Таким образом, в русское понимание русской истории был искусственно, иногда насильственно, введен целый ряд понятий, которые, по формулировке В. О. Ключевского, «не соответствовали ни русской, ни иностранной действительности», то есть не соответствовали никакой действительности в мире: пустой набор праздных слов, заслоняющий собою русскую реальность. С одной стороны, питомцы западноевропейских кафедр, кое-как переводившие «иностранные речения» на кое-какую французско-нижегородскую мову, с другой стороны – питомцы дворянских усадеб, почти начисто забывшие русский язык. Пушкинская Татьяна «изъяснялася с трудом на языке своем родном».

Социальный заказ победившего социального слоя, понятия, не соответствовавшие никакой действительности в мире, язык, в котором не было места для обозначения чисто русских явлений, – все это привело к тому, что любой труд по истории России переполнен сплошными внутренними противоречиями, не говоря уже о полном несоответствии этих трудов с элементарнейшими фактическими данными русской истории.

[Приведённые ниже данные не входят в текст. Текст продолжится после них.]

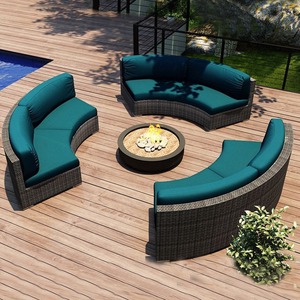Conjunto de Sofás Modernos para Jardín, Mimbre Sintético, Sofá de Terraza con Cojines Impermeables, Duradero y Ecológico - Product Image 2
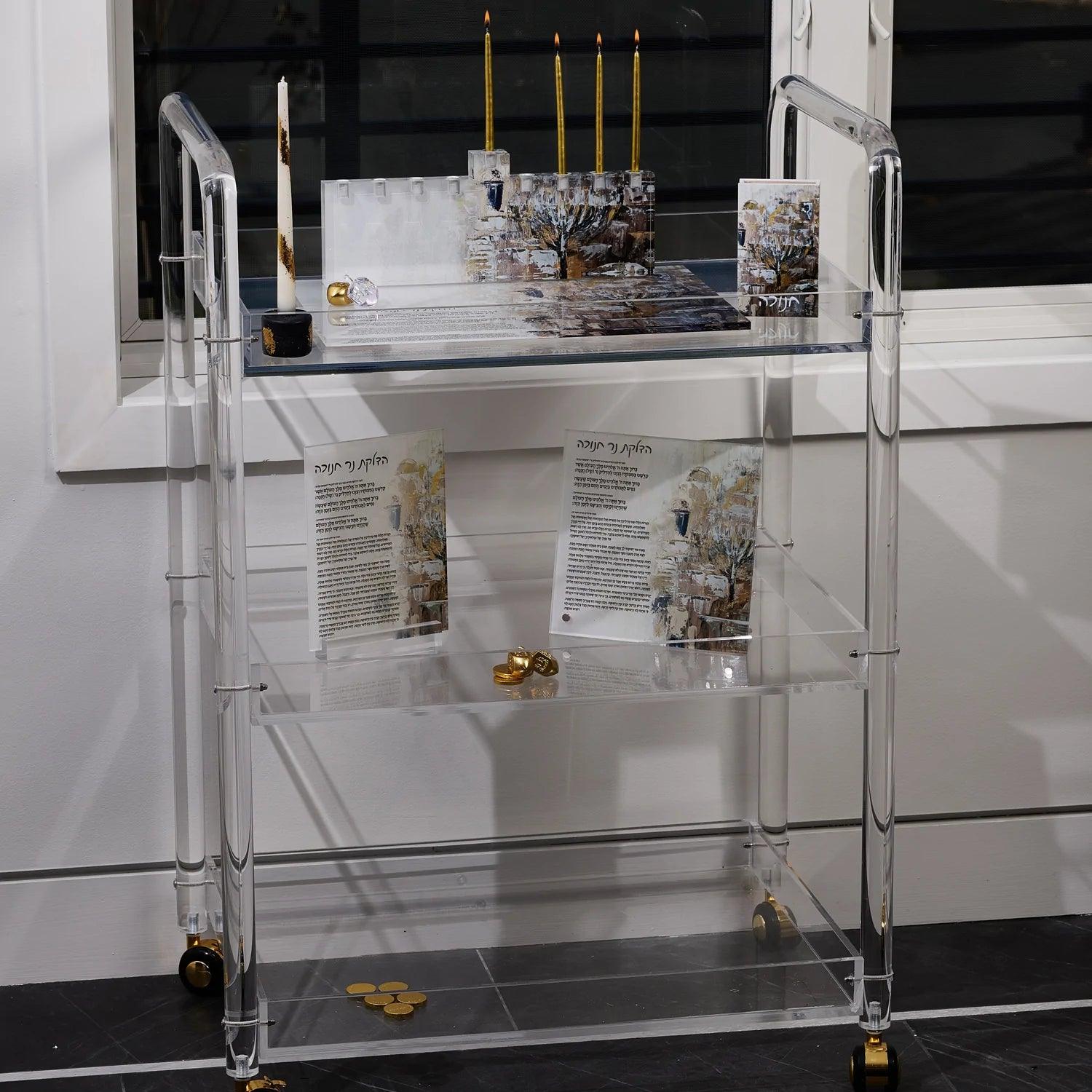 Painted Jerusalem Menorah - Elegant Linen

Левые историки предпочитают сообщить своим читателям заведомую неправду. Правые вынуждены вилять. В качестве истинно классического примера последнего метода научно-исторической оценки я приведу мнение о Петре Первом Льва Тихомирова – теоретика и историка русского монархизма.

На стр. 161 второго тома своей «Монархической Государственности»{Издание Технического Центра Зарубежных Организаций Русской Национально-Мыслящей Молодежи. Мюнхен, 1923. (Прим. авт.)} Л. Тихомиров пишет: «Я глубоко почитаю его гений и нахожу, что он не в частностях, а по существу делал именно то, что было нужно».

Итак – «гений». И кроме того, «гений», связь которого с нацией была «исключительно тесной». Так отдает Лев Тихомиров дань официальной фразеологии. И, отдав дань, делает некоторые выводы. «Учреждения Петра были фатальны для России и были бы еще вреднее, если бы оказались технически хороши. К счастью, в том виде, в каком их создал Петр, они были еще неспособны к сильному действию».

И еще дальше: «Исключительный бюрократизм разных видов и полное отстранение нации (а где же «исключительная связь с нацией»? – И. С.) от всякого присутствия в государственных делах делают из якобы «совершенных» учреждений Петра нечто в высокой степени регрессивное, стоящее и по идее и по вредным последствиям бесконечно ниже московских управительных учреждений» (т. 2, стр. 163).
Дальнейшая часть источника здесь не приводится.